Force.com and Google Data API: The Cloud Gets a Little Easier to Program

At one point during salesforce.com CEO Marc Benioff’s keynote yesterday at the SaaS leader’s Tour De Force stop in Santa Clara, he presented a slide with a signpost of a forked road. One road led toward software and the other toward cloud computing. Above them was the declaration: “it’s time for software developers to ask ‘which path am I going to take?'”

The slide served as a launching point for Benioff to promote the advantages cloud computing (on the Force.com platform, in particular) offers application developers over traditional on-premise datacenters. But the proposition it posed was, of course, overstated. While the advantages of cloud computing–minimal start-up cost and systems maintenance, and the ability to deploy with a click of the mouse–are compelling, most developers today aren’t facing an either/or proposition. They work in organizations that are heterogeneous mixes of on-premise applications with just a few business or infrastructure functions deployed in the cloud (if any).
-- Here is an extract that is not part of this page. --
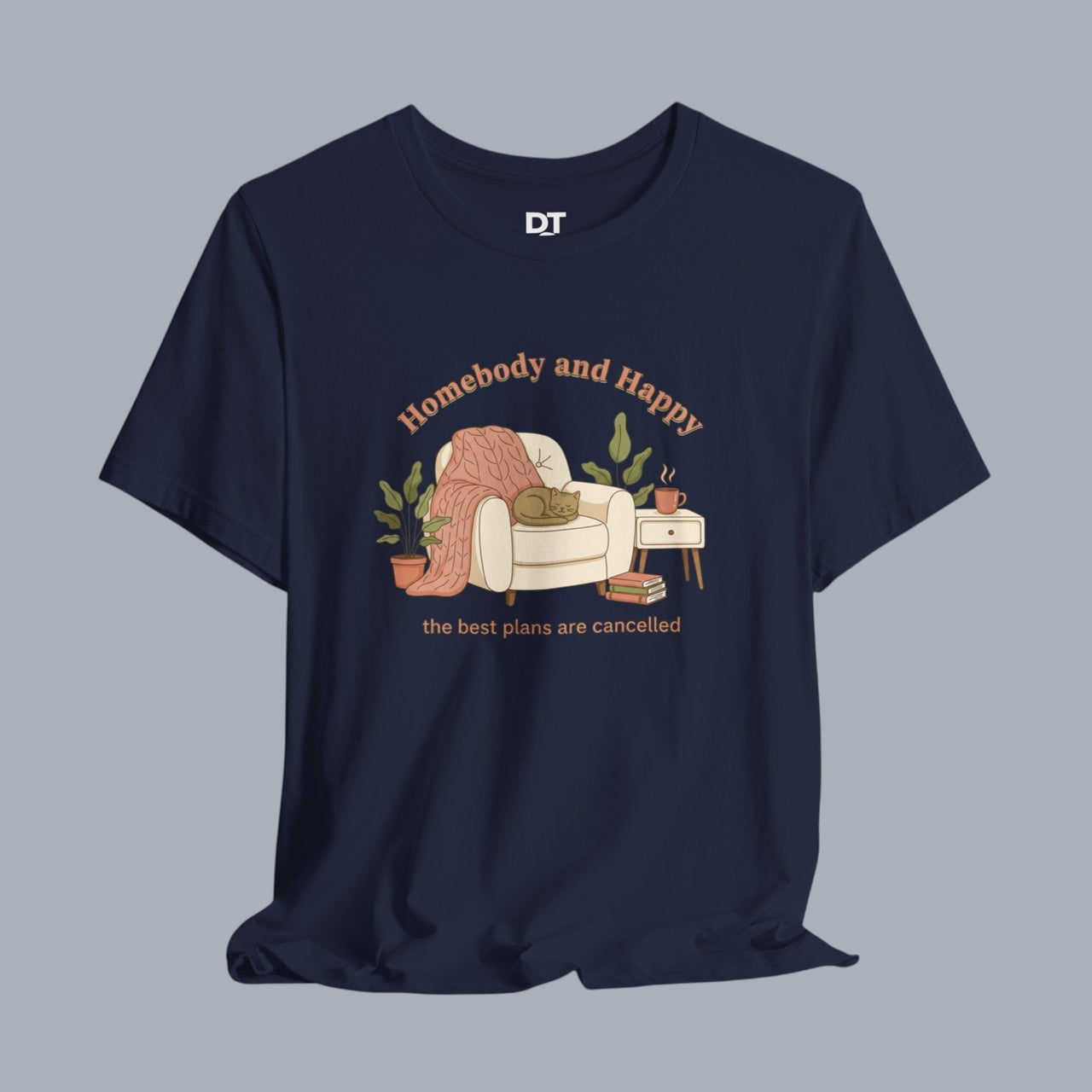 [Navy tee with a cozy chair and cat design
New projects might be considered for the cloud-computing model and web startups definitely would have to look at that option, but for most businesses, existing investments in datacenters and enterprise software licenses guarantee that the on-premise model isn’t going away any time soon.

For those developers who are already programming on the Force.com platform using the Apex programming language, Salesforce.com announced the Force.com Toolkit for Google Data (GData) APIs. I sat down with Steven Fisher, Senior Vice President of the Platform Division at salesforce.com, who explained that Apex had all the bare capabilities for a developer to call the GData APIs manually prior to the toolkit’s release, but coding against the API required parsing through all the XML in the GData ATOM and RSS API. “What we really announced today at the technical level is an Apex library that does all that parsing for you, so you can just interact with objects,” Fisher told me.

“Behind the scenes, this library formats out the appropriate XML, and does the HTTP callouts, and all of that kind of stuff. It was so much effort (calling GData from Apex) that people just weren’t going to do it, and now it’s one line of code.”